Department of Electrical and Computer Engineering, Michigan State University, East Lansing, Michigan, United States of America.
PLoS One. 2024 Dec 13;19(12):e0311791. doi: 10.1371/journal.pone.0311791. eCollection 2024.
Single-cell RNA sequencing (scRNA-seq) is widely used to reveal heterogeneity in cells, which has given us insights into cell-cell communication, cell differentiation, and differential gene expression. However, analyzing scRNA-seq data is a challenge due to sparsity and the large number of genes involved. Therefore, dimensionality reduction and feature selection are important for removing spurious signals and enhancing downstream analysis. Correlated clustering and projection (CCP) was recently introduced as an effective method for preprocessing scRNA-seq data. CCP utilizes gene-gene correlations to partition the genes and, based on the partition, employs cell-cell interactions to obtain super-genes. Because CCP is a data-domain approach that does not require matrix diagonalization, it can be used in many downstream machine learning tasks. In this work, we utilize CCP as an initialization tool for uniform manifold approximation and projection (UMAP) and t-distributed stochastic neighbor embedding (tSNE). By using 21 publicly available datasets, we have found that CCP significantly improves UMAP and tSNE visualization and dramatically improve their accuracy. More specifically, CCP improves UMAP by 22% in ARI, 14% in NMI and 15% in ECM, and improves tSNE by 11% in ARI, 9% in NMI and 8% in ECM.

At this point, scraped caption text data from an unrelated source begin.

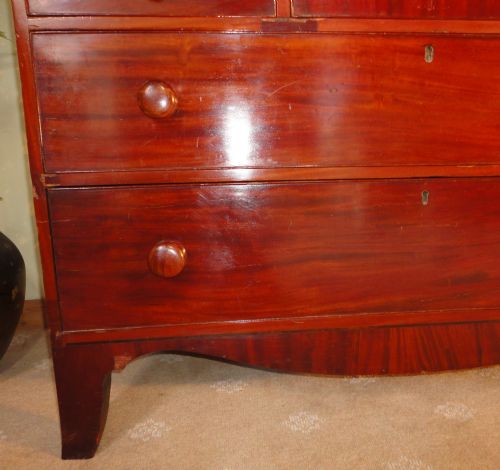 REGENCY MAHOGANY LINEN PRESS - ADDITIONAL PHOTO 8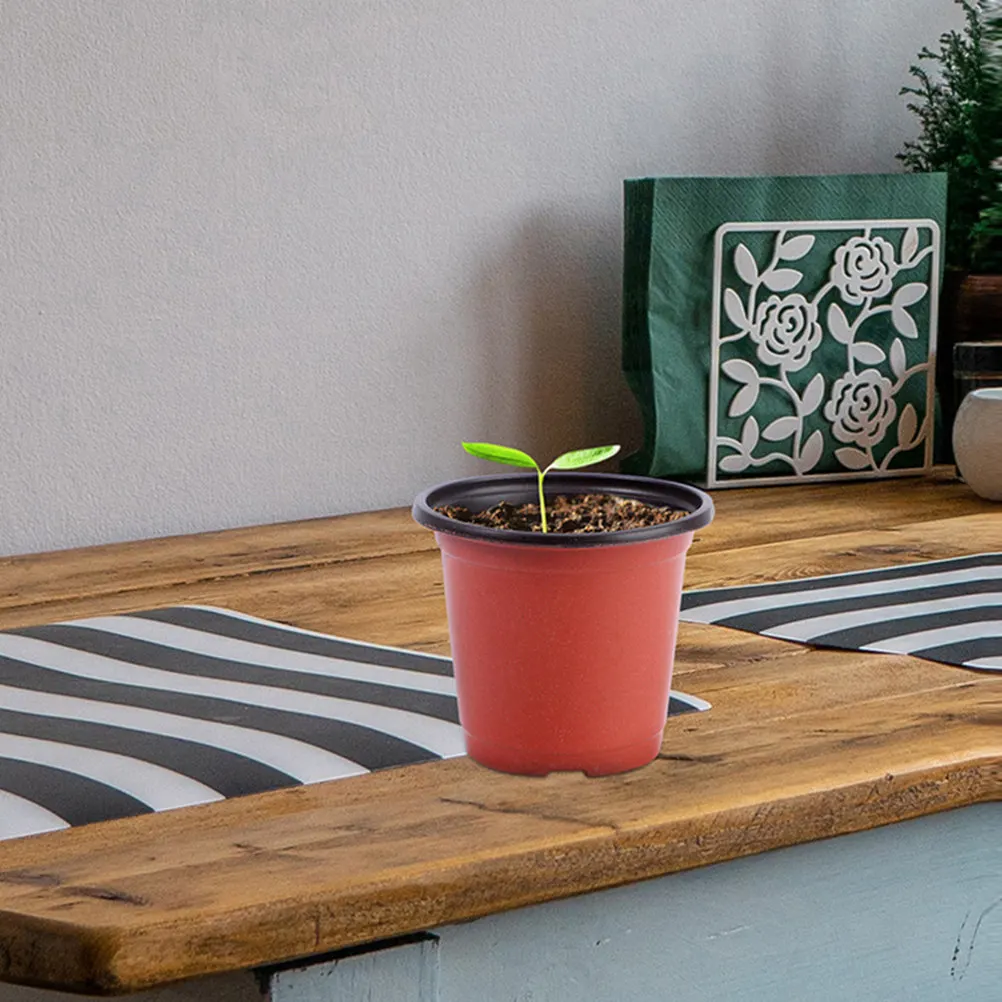 

120Pcs Plastic Flower Pots for Plants Small Nursery Pots with Drainage Excellent Toughness PP Material Planter for Garden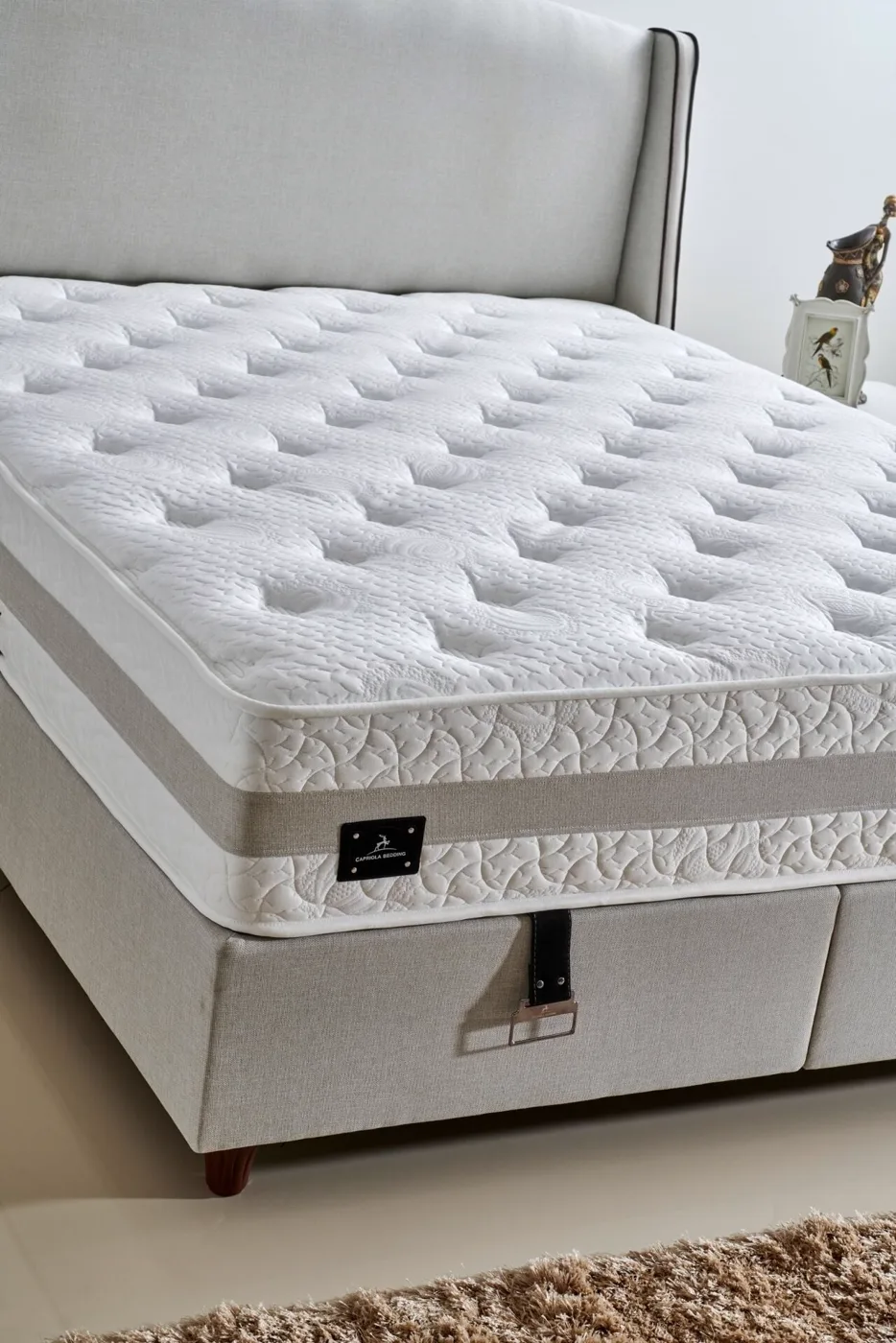 Monza 140x200 Double Mattress, Divan Base, Headboard Set CP1026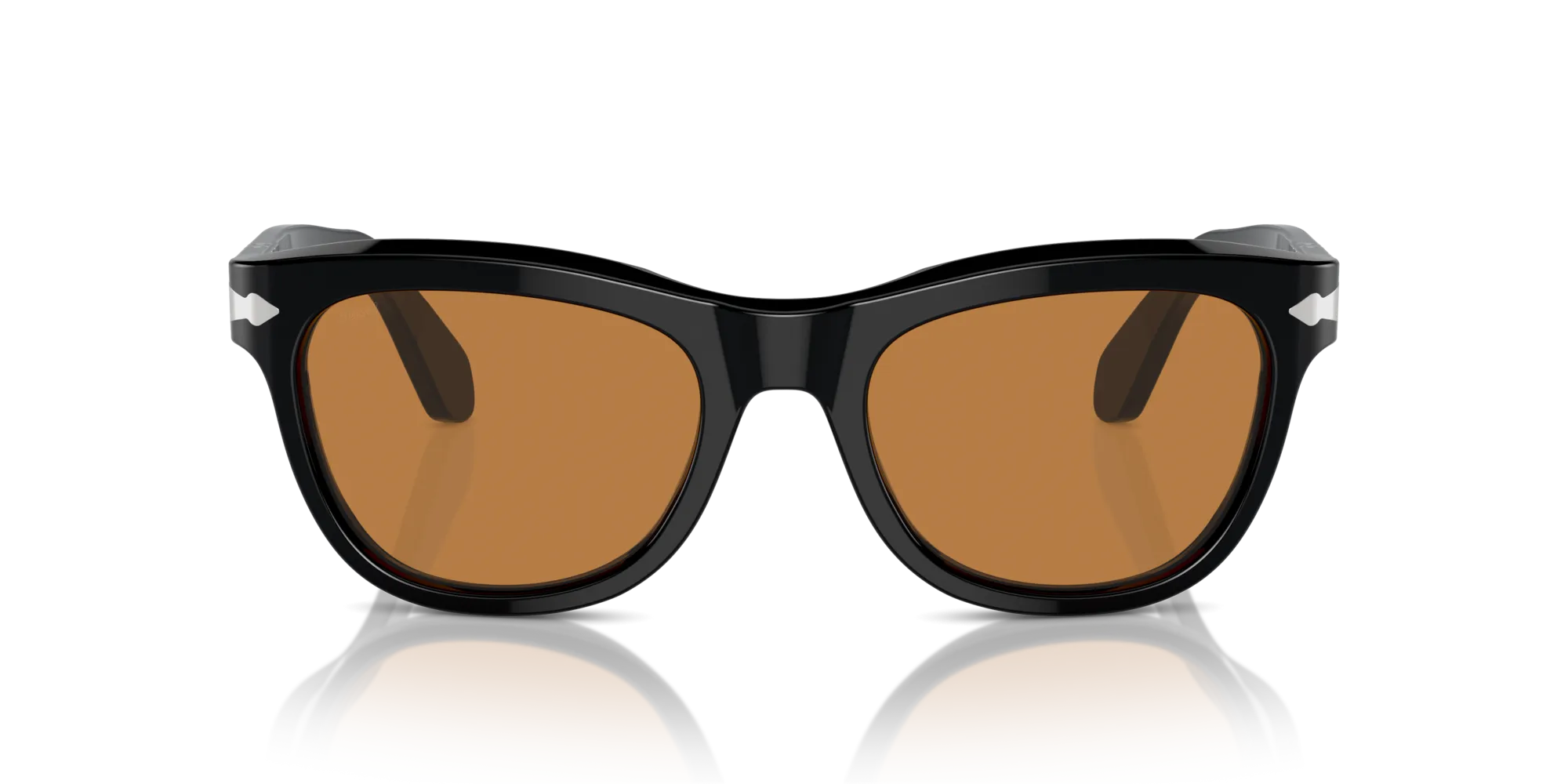 Persol PO0086S 95/53 Occhiali da sole Acetato Nero Giallo Pillow Normale Antiriflesso - immagine 3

单细胞RNA测序(scRNA-seq)被广泛用于揭示细胞的异质性,这使我们对细胞间通讯、细胞分化和基因表达差异有了深入了解。然而,由于数据稀疏性和涉及的基因数量众多,分析scRNA-seq数据是一项挑战。因此,降维和特征选择对于去除虚假信号和增强下游分析很重要。相关聚类和投影(CCP)最近被引入作为预处理scRNA-seq数据的有效方法。CCP利用基因-基因相关性对基因进行划分,并基于该划分,利用细胞-细胞相互作用获得超级基因。由于CCP是一种不需要矩阵对角化的数据域方法,它可用于许多下游机器学习任务。在这项工作中,我们将CCP用作均匀流形近似和投影(UMAP)以及t分布随机邻域嵌入(tSNE)的初始化工具。通过使用21个公开可用的数据集,我们发现CCP显著改善了UMAP和tSNE的可视化效果,并大幅提高了它们的准确性。更具体地说,CCP在ARI中使UMAP提高了22%,在NMI中提高了14%,在ECM中提高了15%,在ARI中使tSNE提高了11%,在NMI中提高了9%,在ECM中提高了8%。